The top nuclear envoys of the three countries also agreed on Tuesday to sternly respond, including by pushing for a new sanctions resolution, and affirmed that the door for talks with Pyongyang remains open under the right circumstances, according to the South Korean Ministry of Foreign Affairs.
Kim Hong-kyun, special representative for peace and security affairs on the Korean Peninsula, met with his U.S. and Japanese counterparts, Joseph Yun and Kenji Kanasugi, on the sidelines of a regional security conference, the Northeast Asia Cooperation Dialogue, in Singapore.

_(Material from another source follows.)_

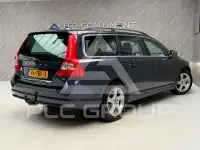 2012 Volvo V70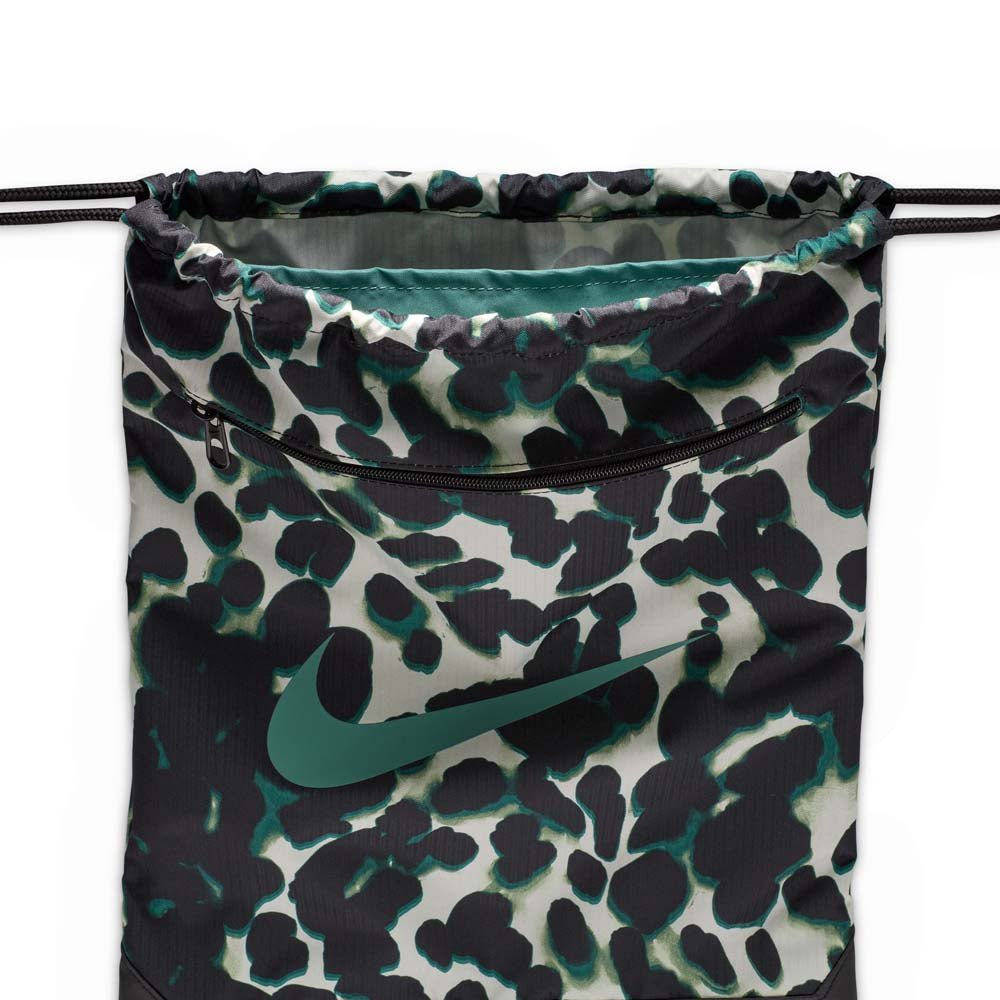 Nike Brasilia Drawstring Bag (18L)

They endorsed strong measures in the UN Security Council, including adopting a new resolution and enforcing existing ones, said the ministry, and emphasized the importance of Russian and Chinese cooperation in exerting pressure on the North.

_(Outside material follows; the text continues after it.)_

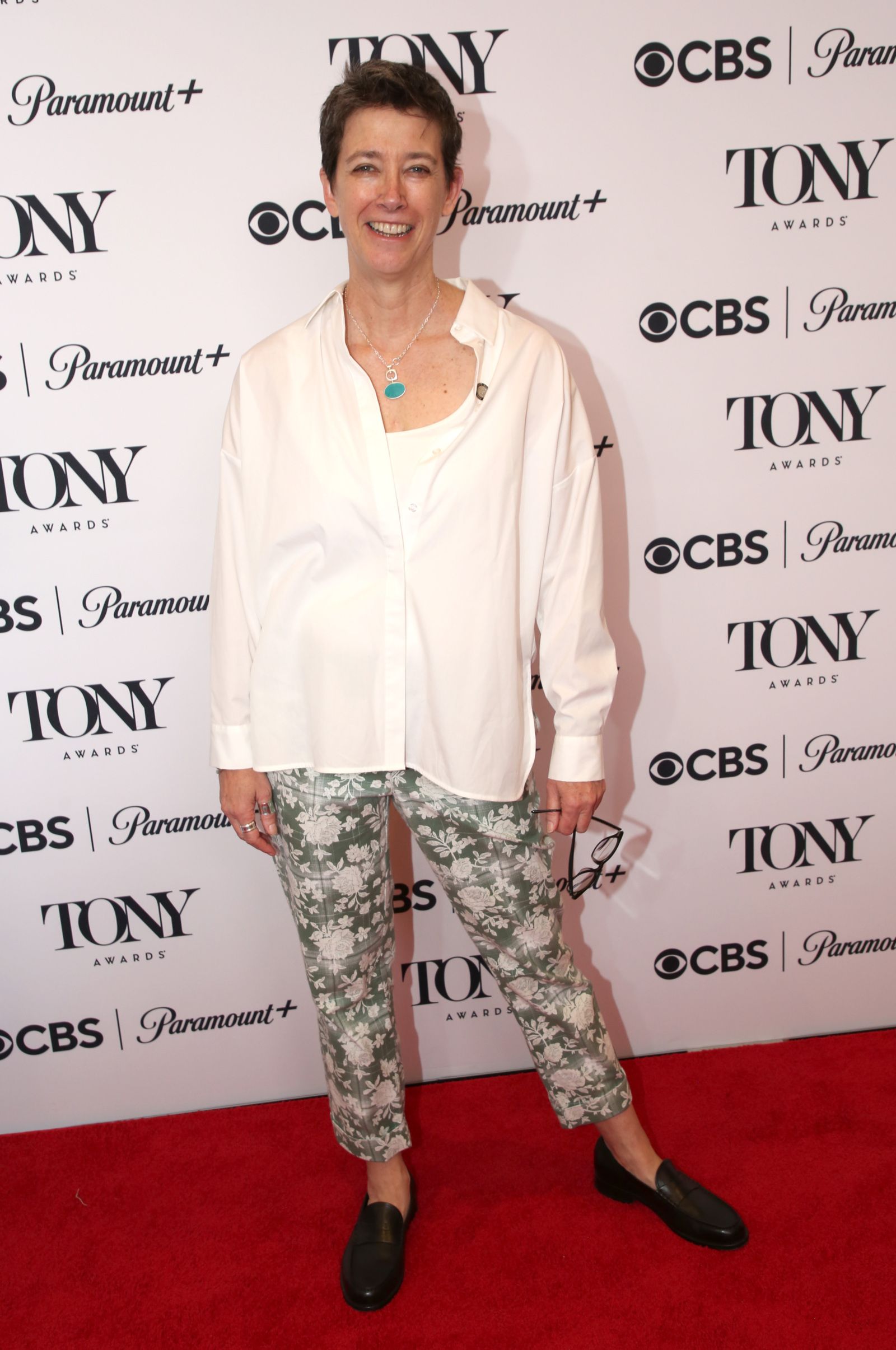 Photos: Meet the 2026 Tony Award Nominees — photo 112 of 175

Kim also explained Moon’s approach of a phased and comprehensive approach to the North, using both sanctions and dialogue.
But U.S. Vice President Mike Pence said in an interview on the “The Laura Ingraham Show” on Monday, “We will not negotiate to negotiate, which is a failed policy of multiple administrations of the past.”
Beijing, however, said it does not “hold the key” to solving the North Korean nuclear issue, and that it is not the “focal point” of the matter “nor the catalyst for escalation of tensions at present.”
“In recent days, certain people have been exaggerating and playing up the so-called ‘China responsibility’ theory,” Geng Shuang, spokesman of China’s Foreign Ministry, said in a briefing Tuesday. “Those people have either failed to grasp the Korean Peninsula nuclear issue comprehensively and accurately, or done this out of ulterior motives with an attempt to shirk responsibility.”
Geng did not specifically call out Washington or Trump, who has been calling on Beijing to do more to rein in the North, but added, “Enough of the so-called ‘China responsibility’ theory on the Korean Peninsula issue.”